Entries taken from a collection
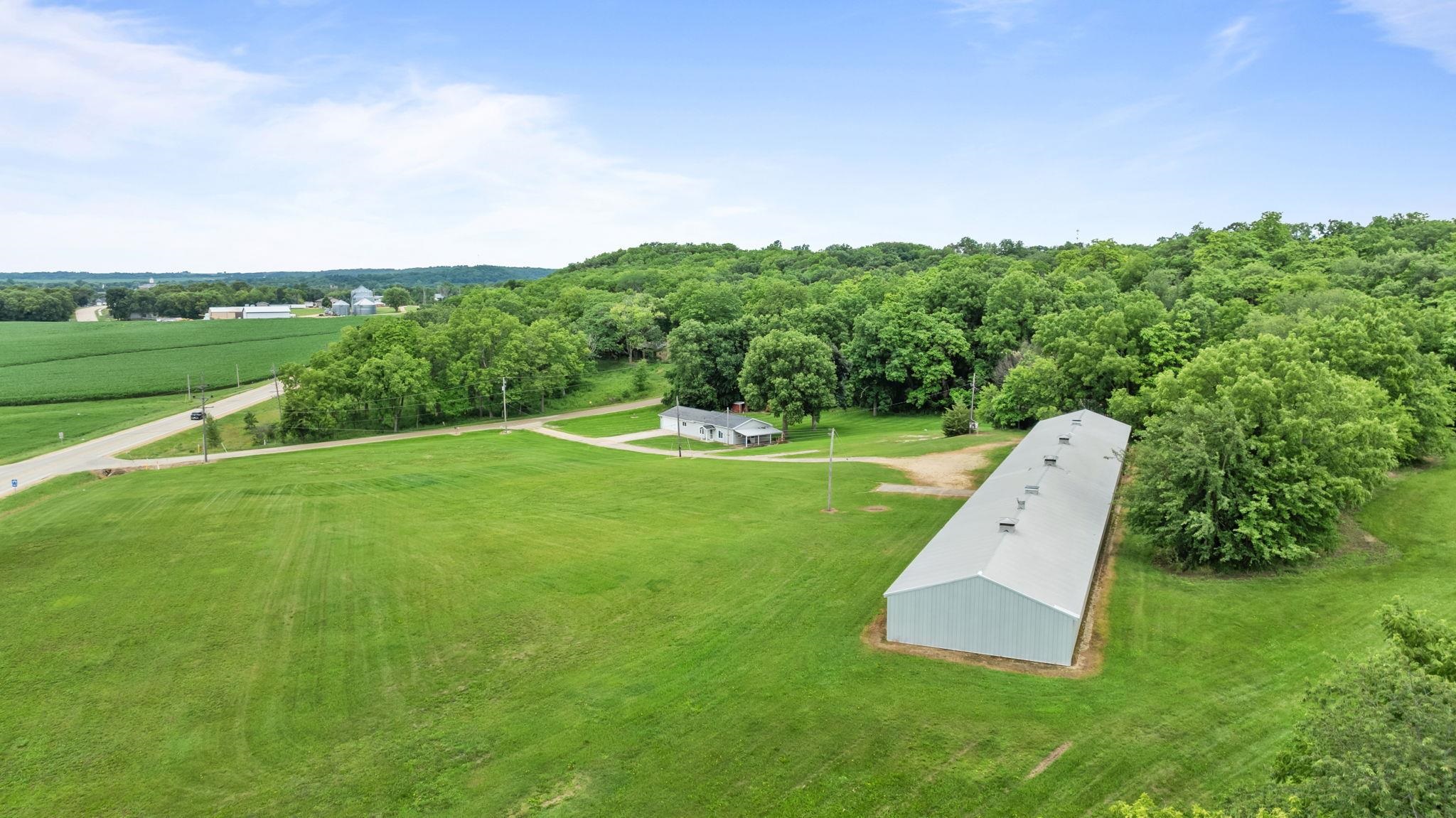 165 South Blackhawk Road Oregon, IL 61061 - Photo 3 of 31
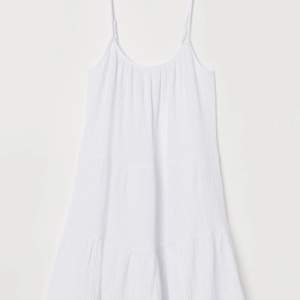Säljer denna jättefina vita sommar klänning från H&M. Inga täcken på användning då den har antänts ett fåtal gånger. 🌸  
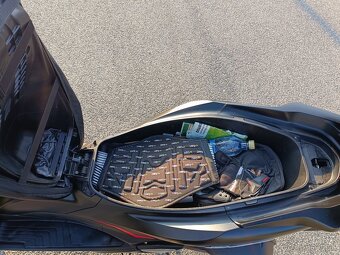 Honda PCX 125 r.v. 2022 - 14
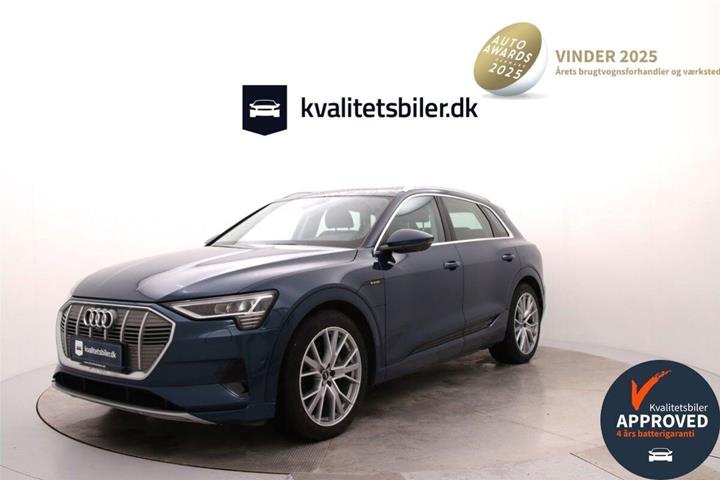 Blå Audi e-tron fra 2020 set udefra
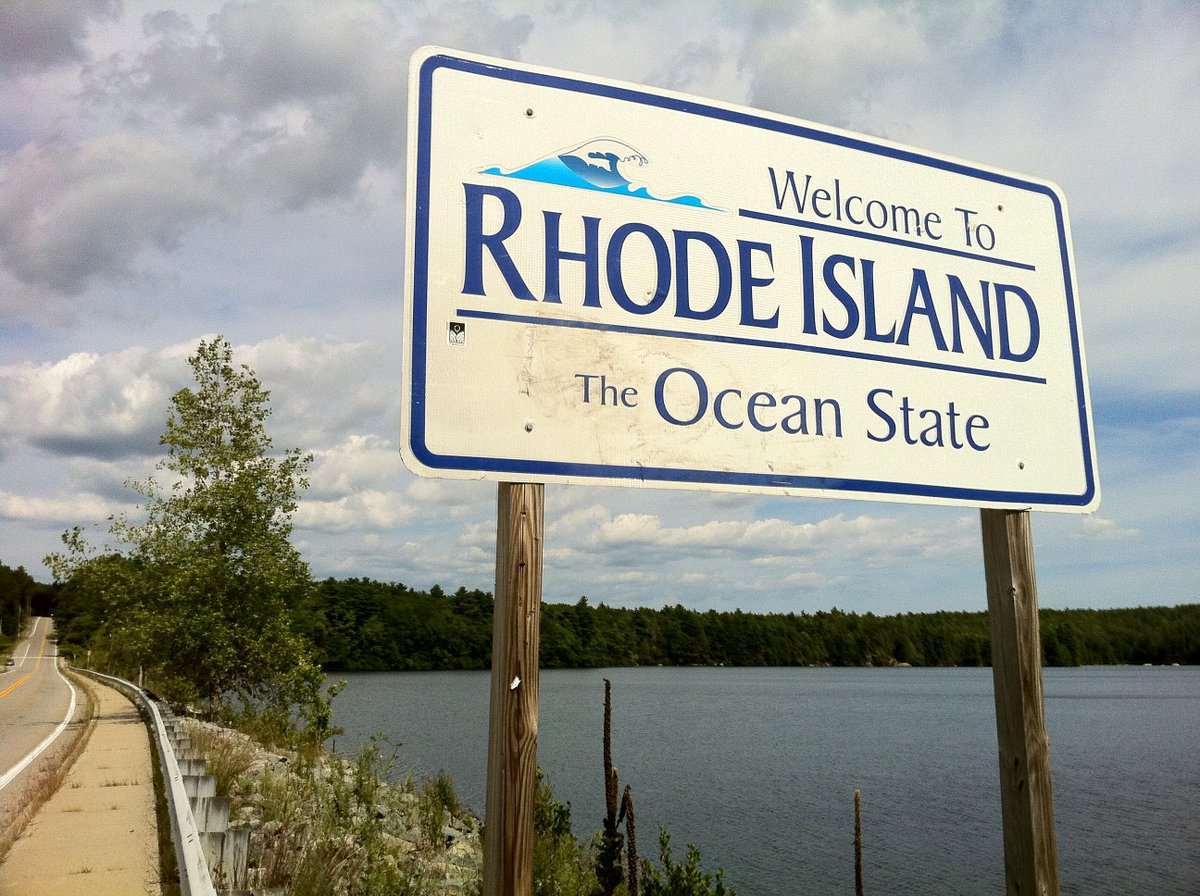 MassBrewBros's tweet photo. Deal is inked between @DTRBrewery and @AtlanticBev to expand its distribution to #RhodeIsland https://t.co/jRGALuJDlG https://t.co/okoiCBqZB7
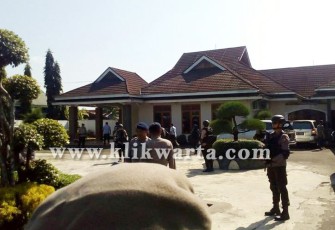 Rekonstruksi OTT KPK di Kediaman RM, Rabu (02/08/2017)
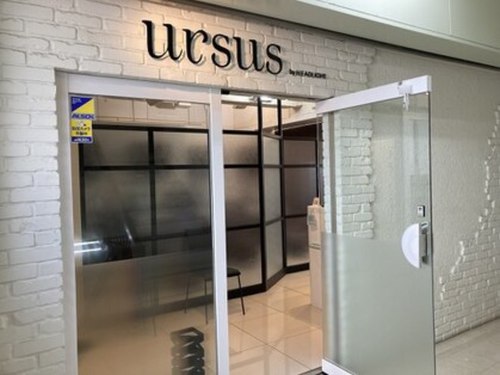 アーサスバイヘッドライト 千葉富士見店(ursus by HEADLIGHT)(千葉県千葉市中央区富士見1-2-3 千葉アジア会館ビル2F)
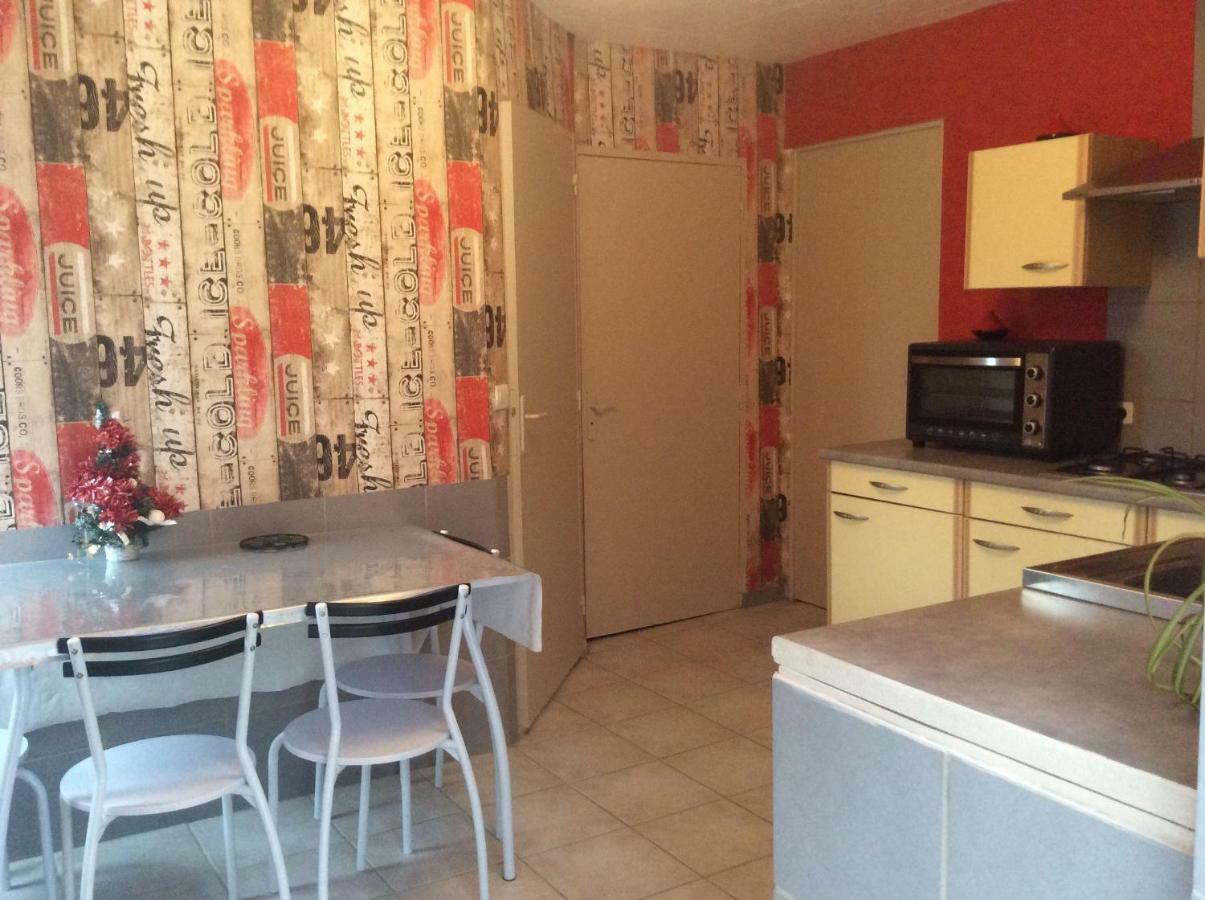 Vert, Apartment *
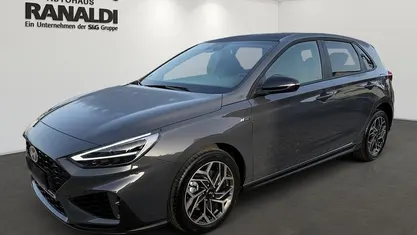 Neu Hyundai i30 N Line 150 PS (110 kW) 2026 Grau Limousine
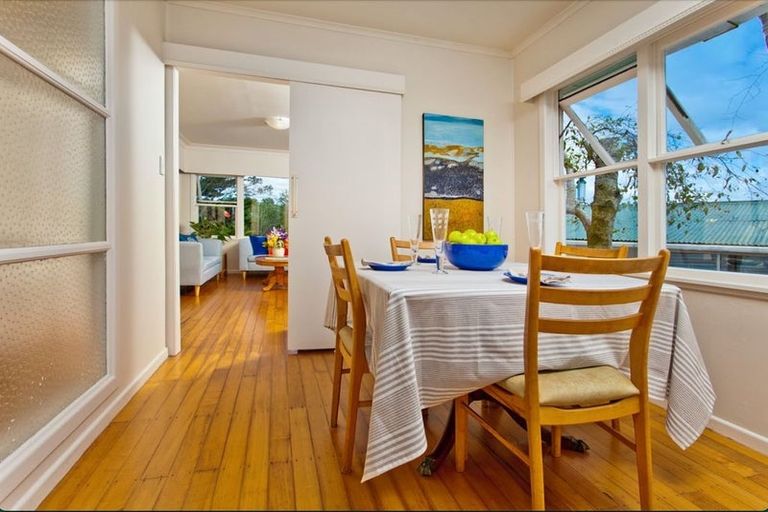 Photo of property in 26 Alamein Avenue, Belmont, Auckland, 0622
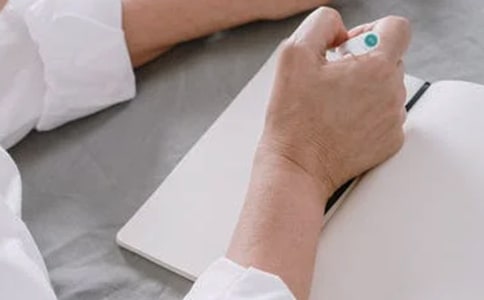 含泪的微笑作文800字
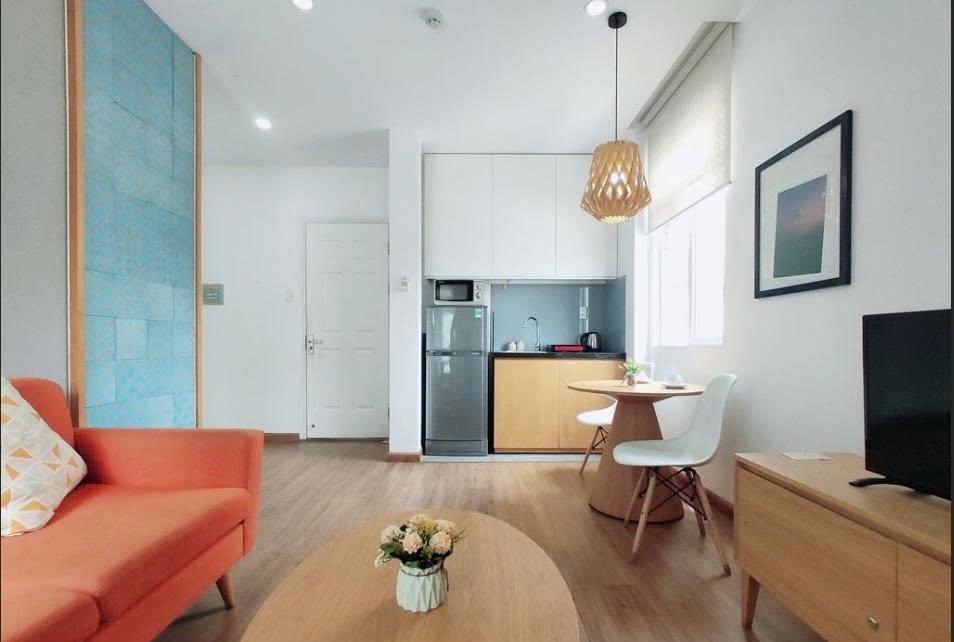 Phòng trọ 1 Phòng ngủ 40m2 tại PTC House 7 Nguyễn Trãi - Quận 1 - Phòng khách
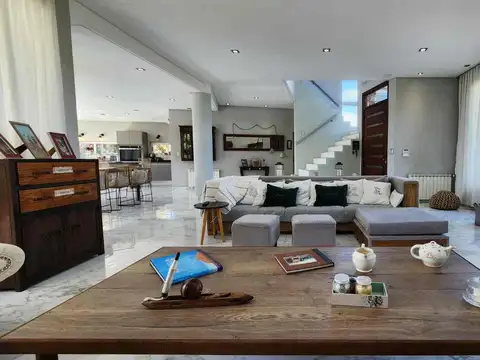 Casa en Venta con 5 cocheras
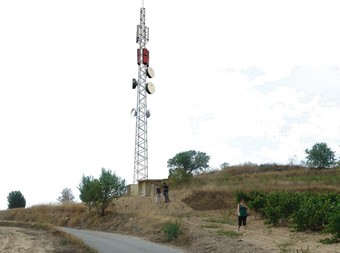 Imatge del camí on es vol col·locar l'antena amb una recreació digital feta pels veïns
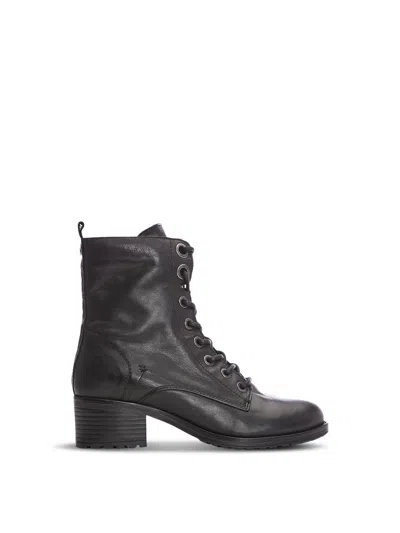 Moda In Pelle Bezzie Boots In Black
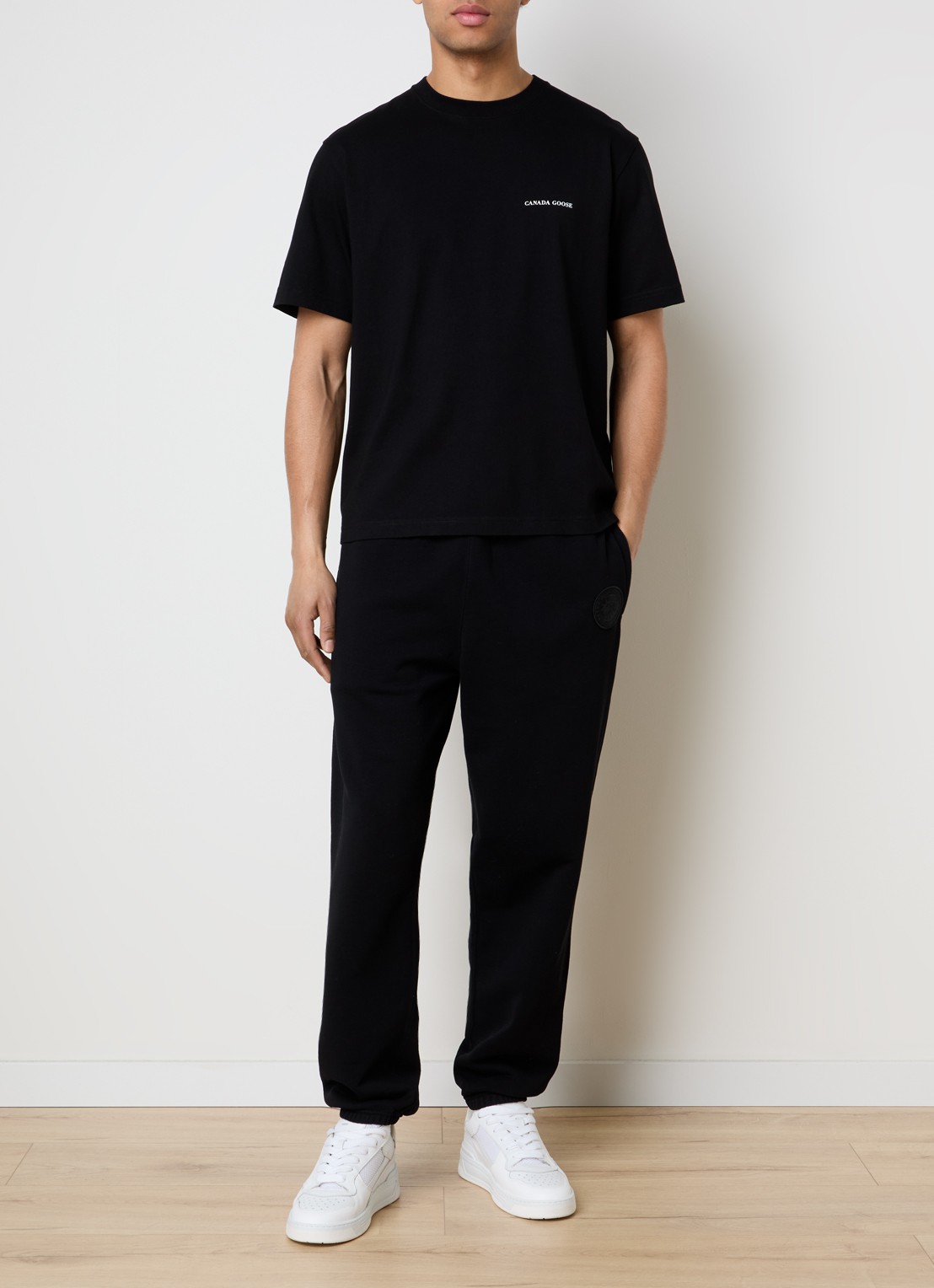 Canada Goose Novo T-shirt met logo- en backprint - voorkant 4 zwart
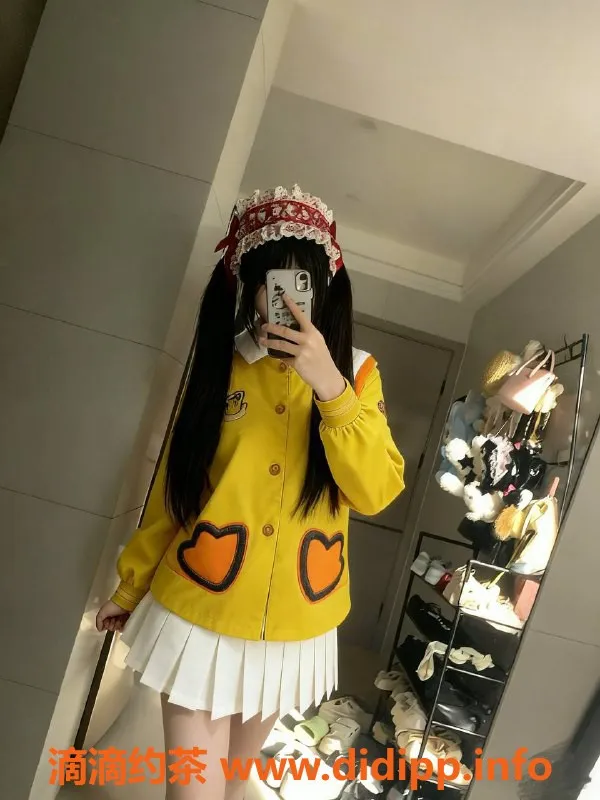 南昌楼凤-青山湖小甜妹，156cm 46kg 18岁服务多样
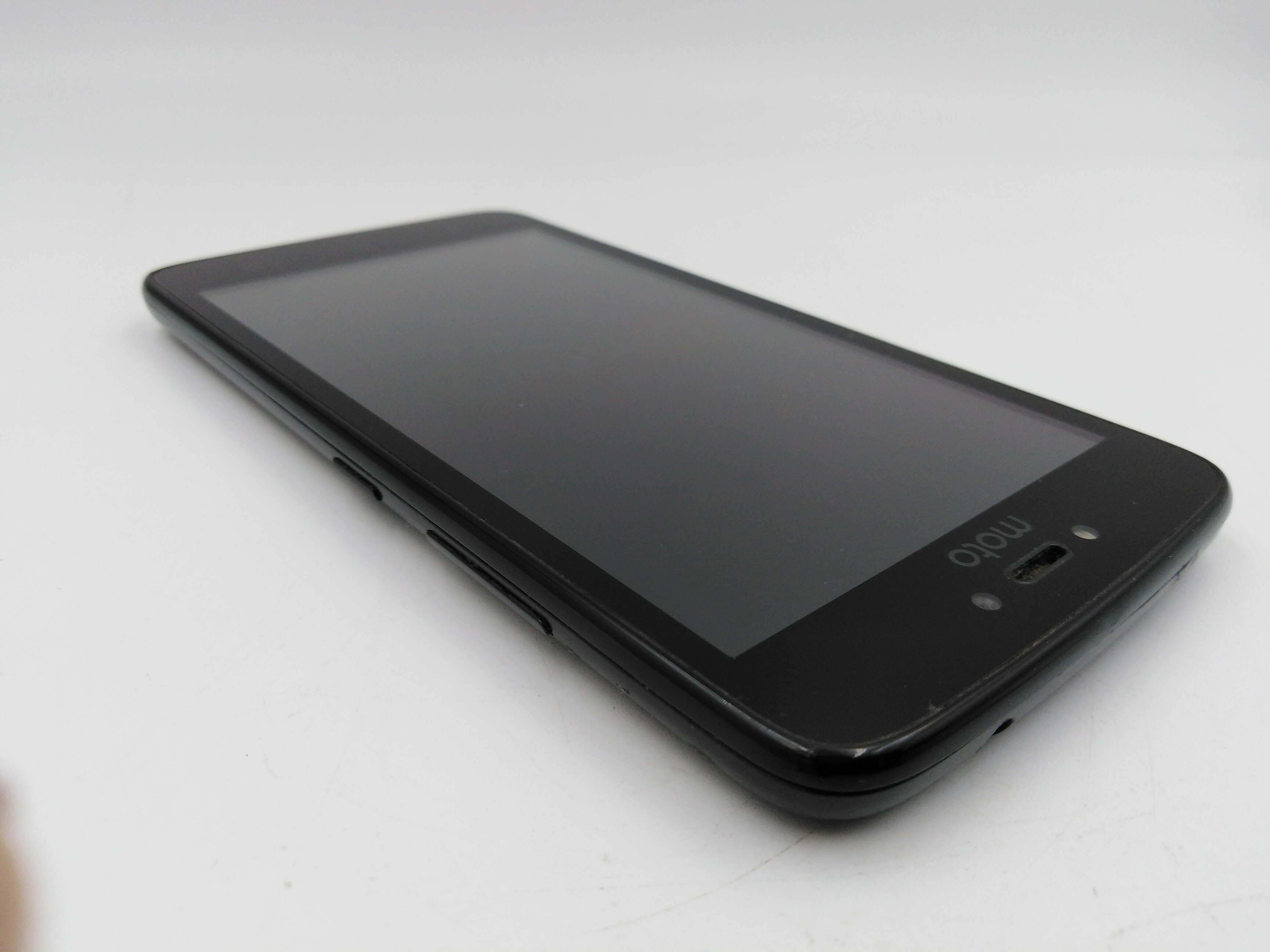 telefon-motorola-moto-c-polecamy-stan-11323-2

Goal of the exercise
In the data above, find the line with "Rekonstruksi OTT KPK" and the line with "含泪的微笑作文800字". Please copy exactly those two lines and every line between them, but not the pictures.

Output of the task
 Rekonstruksi OTT KPK di Kediaman RM, Rabu (02/08/2017)
 アーサスバイヘッドライト 千葉富士見店(ursus by HEADLIGHT)(千葉県千葉市中央区富士見1-2-3 千葉アジア会館ビル2F)
 Vert, Apartment *
 Neu Hyundai i30 N Line 150 PS (110 kW) 2026 Grau Limousine
 Photo of property in 26 Alamein Avenue, Belmont, Auckland, 0622
 含泪的微笑作文800字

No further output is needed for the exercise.